Personalmente me encantan los primeros meses de llegada, la experiencia me ha dado la posibilidad de decirle con el pensamiento “tú aun no lo sabes, pero vas estar bien aquí”. Aquí la calma va a ser imprescindible para no forzar el vínculo y concentrarse en ofrecer una estructura respetuosa, contenedora y amable; el vínculo afectivo irá llegando.

  • ¿Crees que el acogimiento familiar tiene un impacto positivo en la comunidad?

Totalmente. En todas sus modalidades. De hecho creo que sería muy positivo que se conociesen y comprendiesen mejor los centros de protección por parte de la comunidad. Entiendo que no es fácil, dado que hay que hacer mucha labor pedagógica para conocer, interpretar y dar respuesta adecuada a las necesidades de la infancia en protección, priorizando lo que ellos y ellas necesitan por encima de tus expectativas o motivaciones cuando te acercas a esta y otras medidas de protección. Pero como terapeuta familiar y pedagoga creo firmemente en el cambio y en el aprendizaje, y creo que con un buen trabajo de acompañamiento y comprensión, los beneficios de acercar los centros a la comunidad son evidentes. Nos hace mejores como sociedad.

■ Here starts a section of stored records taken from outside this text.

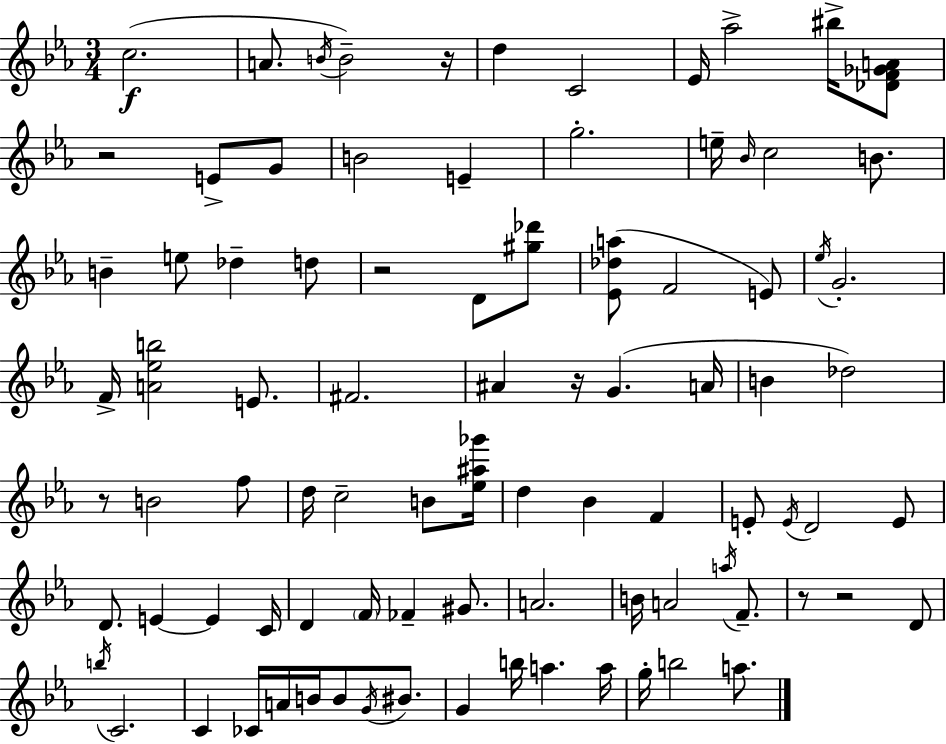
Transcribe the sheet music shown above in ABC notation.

X:1
T:Untitled
M:3/4
L:1/4
K:Cm
c2 A/2 B/4 B2 z/4 d C2 _E/4 _a2 ^b/4 [_DF_GA]/2 z2 E/2 G/2 B2 E g2 e/4 _B/4 c2 B/2 B e/2 _d d/2 z2 D/2 [^g_d']/2 [_E_da]/2 F2 E/2 _e/4 G2 F/4 [A_eb]2 E/2 ^F2 ^A z/4 G A/4 B _d2 z/2 B2 f/2 d/4 c2 B/2 [_e^a_g']/4 d _B F E/2 E/4 D2 E/2 D/2 E E C/4 D F/4 _F ^G/2 A2 B/4 A2 a/4 F/2 z/2 z2 D/2 b/4 C2 C _C/4 A/4 B/4 B/2 G/4 ^B/2 G b/4 a a/4 g/4 b2 a/2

  • ¿Ha tenido las oportunidad de compartir tu experiencia con otras personas para fomentar el interés en el acogimiento familiar?

¡Claro! No puede ser de otra manera. Somos como “la cadena de favores” del acogimiento. Esta medida antes era algo muy desconocido pero creo que eso ha ido cambiando, pero aún queda mucho por hacer en este sentido. A nosotros nos preguntan muchas veces por cómo es. Nos gusta contar, sin idealizar, lo necesaria que es esta medida de protección, el derecho a vivir en una familia bientratante y la responsabilidad de toda la sociedad para que ese derecho se cumpla.